We can accept a politics that breeds division, and conflict, and cynicism. We can tackle race only as spectacle – as we did in the OJ trial – or in the wake of tragedy, as we did in the aftermath of Katrina – or as fodder for the nightly news. We can play Reverend Wright’s sermons on every channel, every day and talk about them from now until the election, and make the only question in this campaign whether or not the American people think that I somehow believe or sympathize with his most offensive words. We can pounce on some gaffe by a Hillary supporter as evidence that she’s playing the race card, or we can speculate on whether white men will all flock to John McCain in the general election regardless of his policies.

We can do that.

But if we do, I can tell you that in the next election, we’ll be talking about some other distraction. And then another one. And then another one. And nothing will change.

That is one option. Or, at this moment, in this election, we can come together and say, “Not this time.” This time we want to talk about the crumbling schools that are stealing the future of black children and white children and Asian children and Hispanic children and Native American children. This time we want to reject the cynicism that tells us that these kids can’t learn; that those kids who don’t look like us are somebody else’s problem. The children of America are not those kids, they are our kids, and we will not let them fall behind in a 21st century economy. Not this time.

And he continues, suggesting that the dialogue can be about issues that actually make a difference to people – and that this is what Americans really want.

Heady stuff. Heady enough that I wondered if commentators in the media – who are usually quick to condemn the politics of sound bites and cheap attacks, while consigning any politician who fails to deliver them to thorough obscurity – would rise to it.
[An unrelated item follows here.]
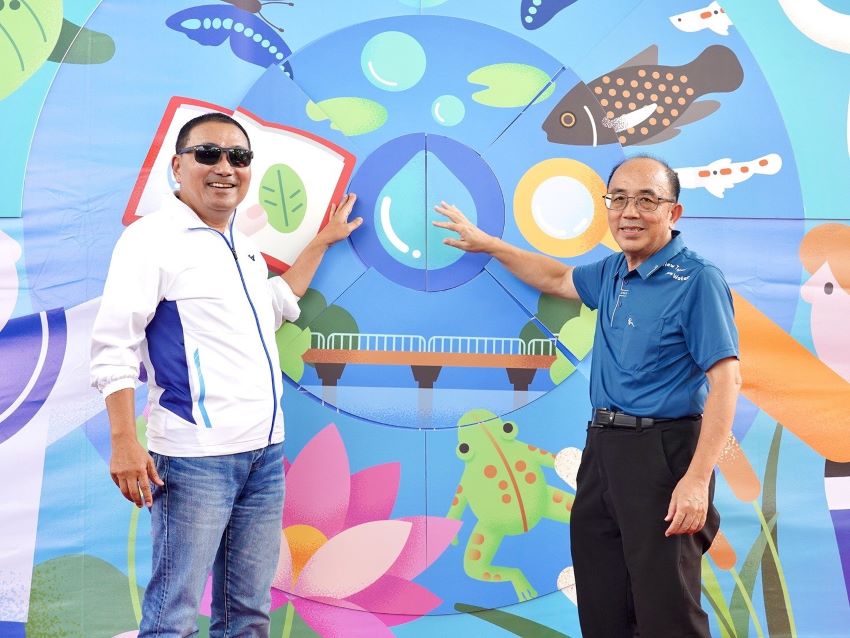 湳仔溝華麗轉身 侯:城市已「從掩鼻到微笑」 6 《圖說》侯友宜市長與宋德仁局長一同完成水願牆儀式象徵活水引入湳仔溝。〈水利局提供〉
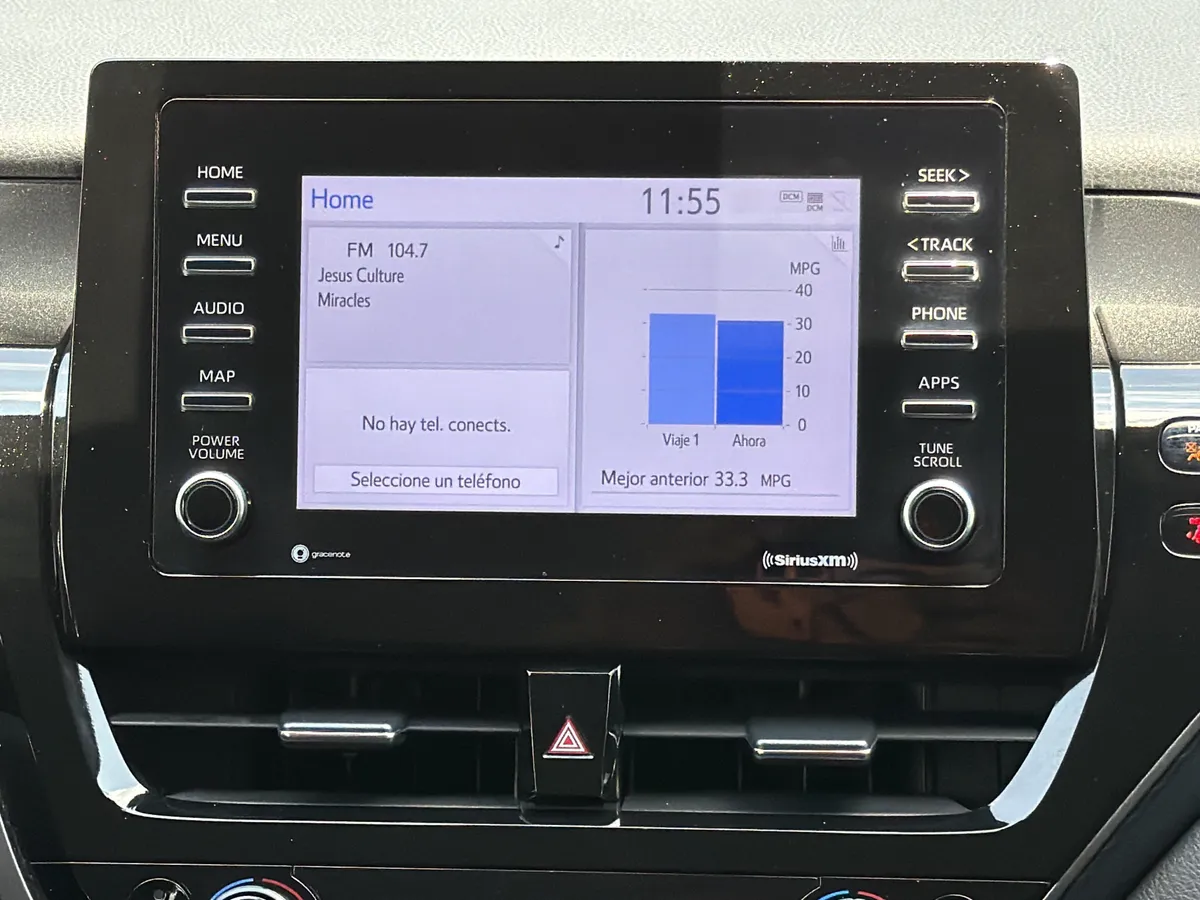 2024 Toyota Camry LE thumbnail 5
The early metrics aren’t promising. Those fine folks at TechPresident used online service TagCrowd to create tag clouds of Obama’s speech and of the “editorial responses of the New York Times, Washington Post, Los Angeles Times and Wall Street Journal“.

Here’s Obama:

And here are America’s flagship newspapers:

Micah Sifry concludes the TechPresident post this way:

At a first glance, it seems as if our editorial guides can’t help but view the speech as a political ploy, first and foremost. Considering how rarely politicians choose to grapple in depth with hard and divisive issues like race, it’s hard to see how that is the best frame through which to view it. But that is the frame our media system uses to evaluate political speeches, no?

Personally, I think Obama’s speech is a great test of the following question: Are we still living in the age of sound-bite politics, where the sharp attack line, even taken out of context, can become the “truth” of an event or a person thanks to the amplifying and distorting effects of broadcast media? Or are we entering the age of sound-blast politics, where a 37-minute speech can actually be watched, read, and digested by millions of people (a million views already on YouTube!) using the abundant spaces of the internet–and the themes and meanings they encounter and absorb will be not about the “politics” of a speech, but its actual content?

In other words, are we entering an age when politicians can be judged not by the color of their skin, but by the content of their character?

Maybe, and I really want to think so – but that age is going to take a while to arrive. I don’t expect a single speech, no matter how great, to change decades of ingrained behaviour. It will take a determination by politicians to consistently respond with courage, substance and integrity to challenges such as the one Obama faced with Rev. Wright’s comments – and a willingness by leaders in the media to stop complaining about politicians who lack substance on Monday and punishing those who don’t on Tuesday.

But when the week starts with Fox News asking if Bill Richardson is playing the race card by growing a beard, the situation doesn’t look all that hopeful.